Crash site - test shots

I've been working on matching the look of an earlier concept piece and these look development renders so I thought I'd post some results. I've added some basic fog to the static and skinned model shaders but apart from that the engine is unchanged. The colour correction system is doing most of the work in these shots and it's a lot of fun to work with. I think I've matched the overall look and I'm happy with the monoliths but the crashed pod isn't really working for me yet.






White diffuse lighting shots...





... and some alternate colour grading look tests. It's far too easy to get carried away and this was one of the tamer efforts :)

Sunday, 6 February 2011

Transparency experiments

I've been experimenting with transparency in the deferred engine I'm working on so I thought I'd share some tests. The alien model I used in these tests is the work of Leigh Bamforth and you can grab it here. The original model looks a lot cooler, I'm using a greatly simplified version here.

To begin with, all opaque geometry is drawn as usual. Looks a little weird but it's going somewhere :)


After this the first layer of transparency is drawn. This phase essentially uses the same technique as soft particles. An alpha value is calculated by comparing the depth in the existing frame buffer with the depth of the volume surface being rendered. This is calculated as follows

fade = saturate((scene_depth – surface_depth) * scale);

The surface takes it's colour by sampling the lighting volume at the surface position, along the view direction. This gives the effect of light scattering through the volume and can be seen below, with the light from the thin vertical windows illuminating the volume.

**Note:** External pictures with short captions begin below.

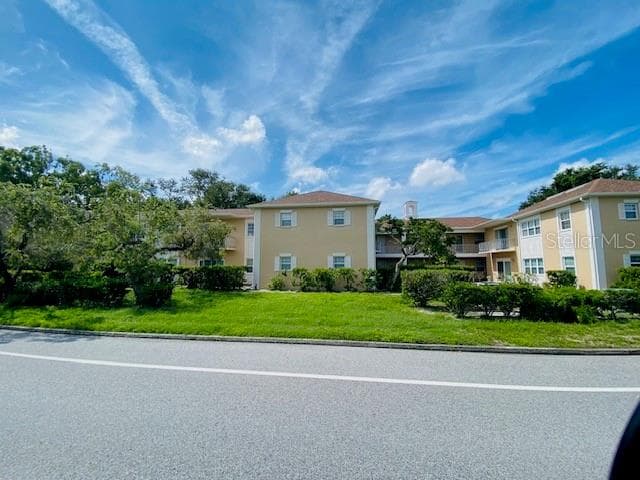 8300 BARDMOOR BOULEVARD N UNIT 206 LARGO, FL 33777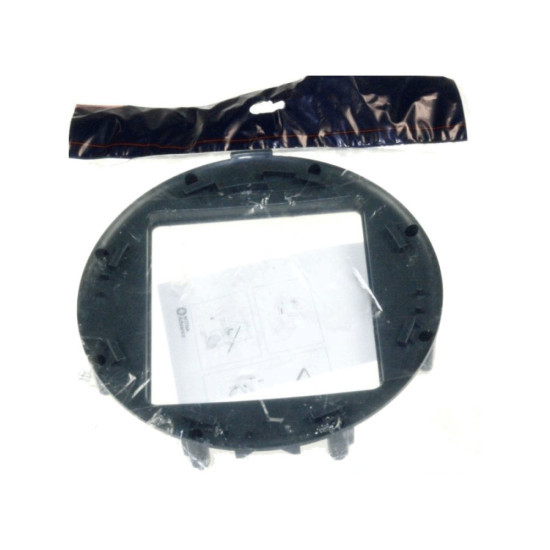 Dessus de couvercle gris 22231001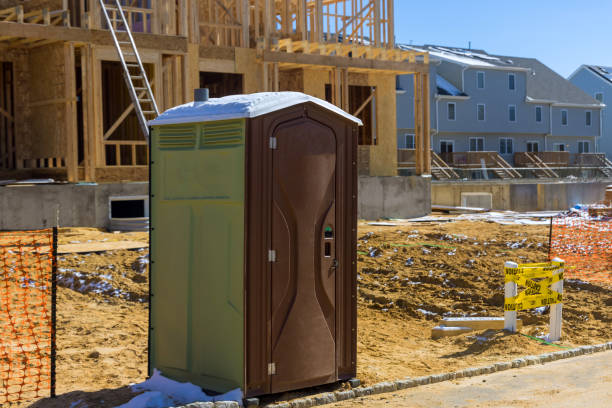 Best High-end porta potty rental  in Springdale, OH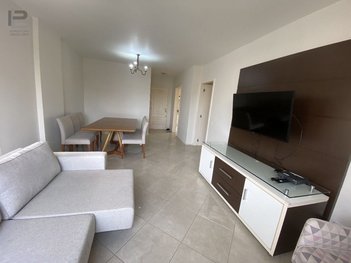 apartment em Rua Menino Deus, Centro - Florianópolis - SC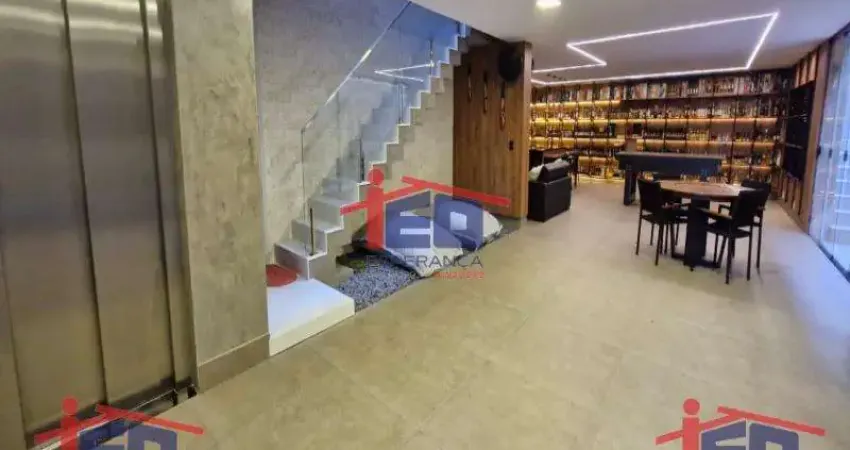 Casa com 5 quartos à venda no Adalgisa, Osasco 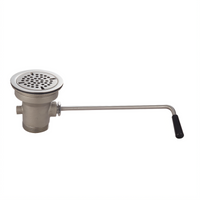 BK Resources BK-LWR-1 Sink Drains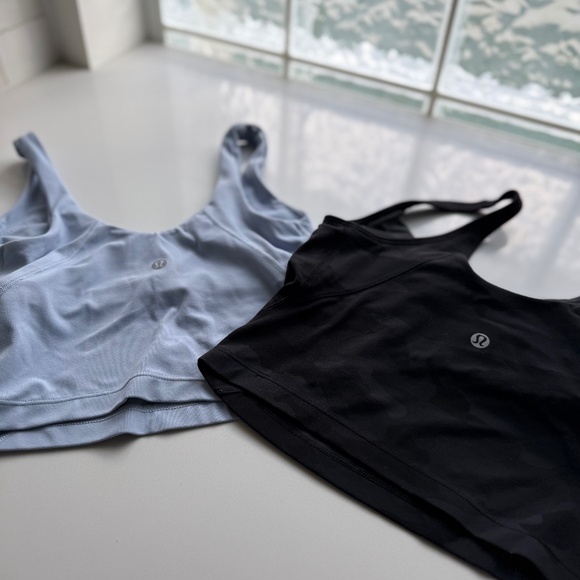 Lululemon tank top - Picture 1 of 2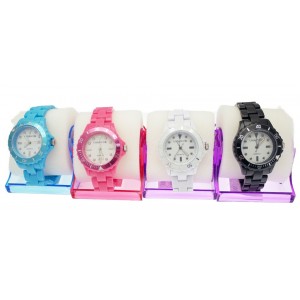 Ladybird Toy Style Quartz Watch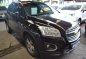 Chevrolet Trax Ls 2017 for sale-0
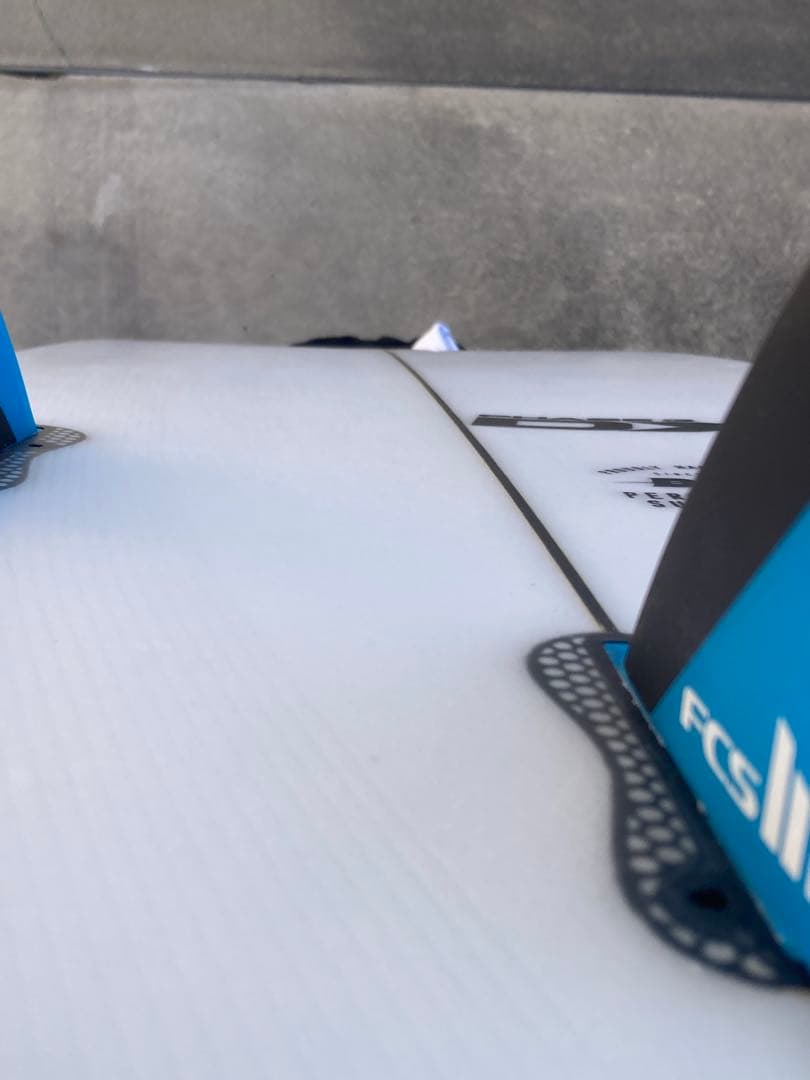 DHD DX1 PHASE 3 ［5'9 25L］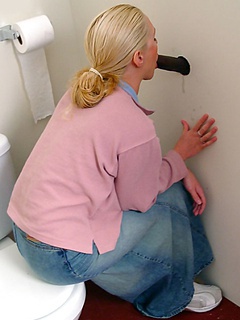 Gloryhole Galleries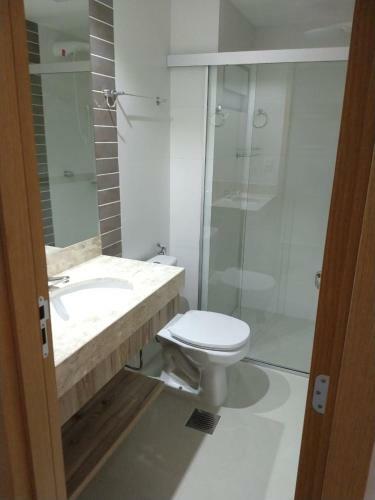 Apartamento Park Veredas, Flat 407 - Rio Quente - Go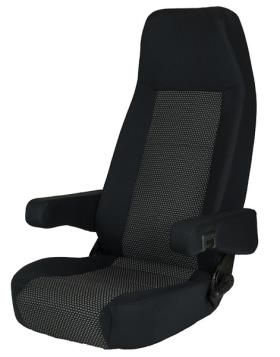 Vansitz S5.1 Cover Ara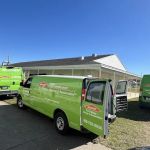SERVPRO of East Gainesville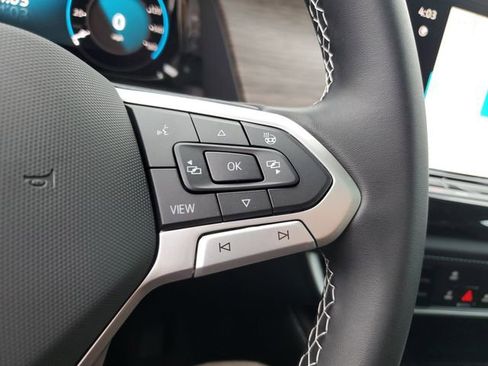 New 2026 Volkswagen Atlas SEL AWD/4WD image 23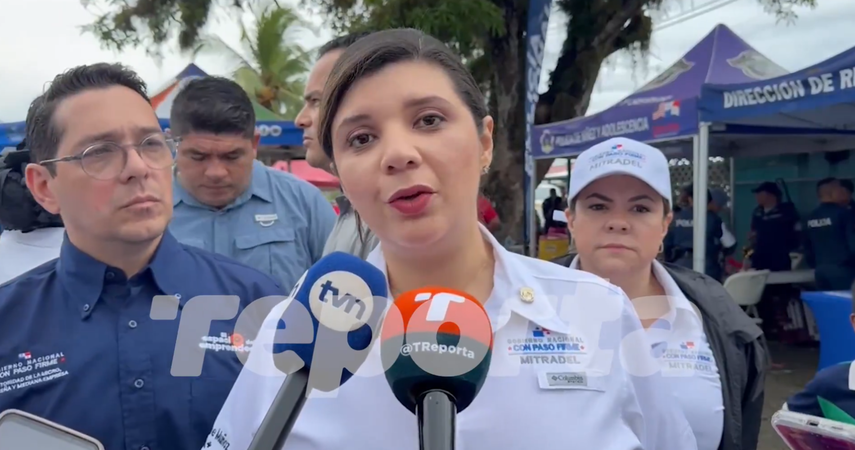 Chiquita podría volver a Panamá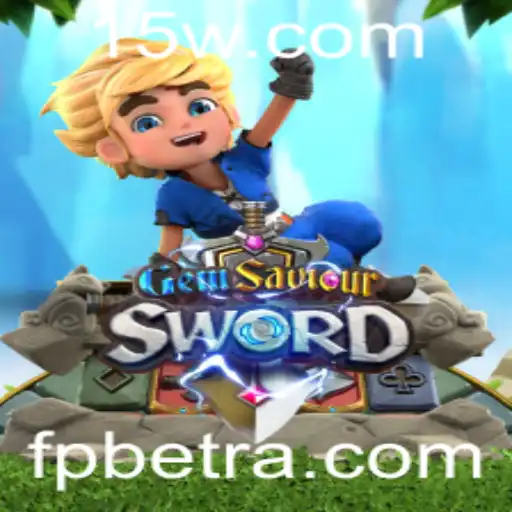 Explorando o Universo de GemSaviourSword: Aventura, Estratégia e Magia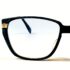 3461-Gọng kính nữ/nam-Khá mới-SILHOUETTE M1308 C3015 eyeglasses frame4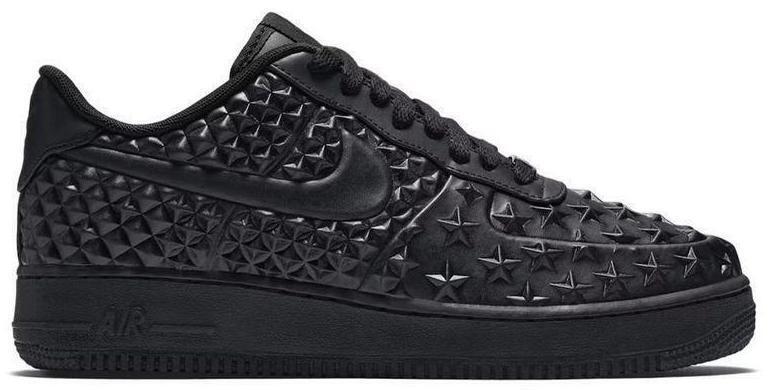 Size 9.5 - Nike Air Force 1 '07 LV8 VT Low Independence Day (789104-001)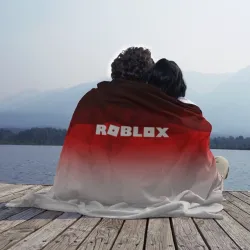 Плед 3D Roblox - фото 2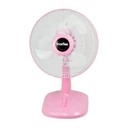 Thumbnail 2 of อิมาร์เฟล็กซ์ พัดลมตั้งโต๊ะ 12 นิ้ว รุ่น IF- S12 คละสี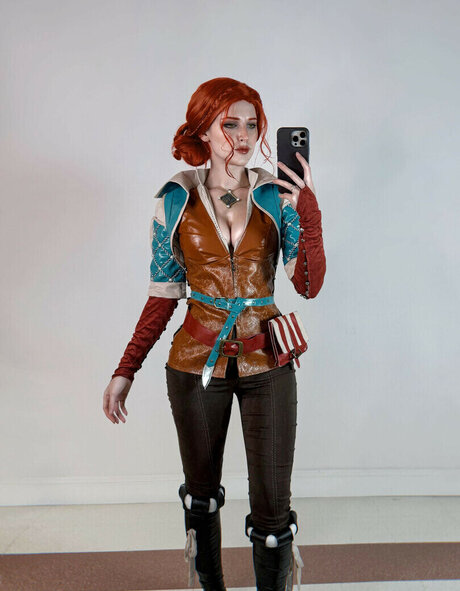 Vi Morrigan onlyfans for free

The final transparency stage adds a glass like surface layer and is much simpler. This shader is fairly straightforward as it only has to lookup a reflection map and calculate a fresnel term. The fresnel term is used to control the strength of the cubemap reflections and as an alpha value.


I've captured a video although the quality isn't the greatest. Apologies for the ever present cursor as well, I forgot to disable it before recording the clips in FRAPS.



A few more examples showing different volume colours and densities.





Et voila, lighting volumes now support pickled aliens in glass jars.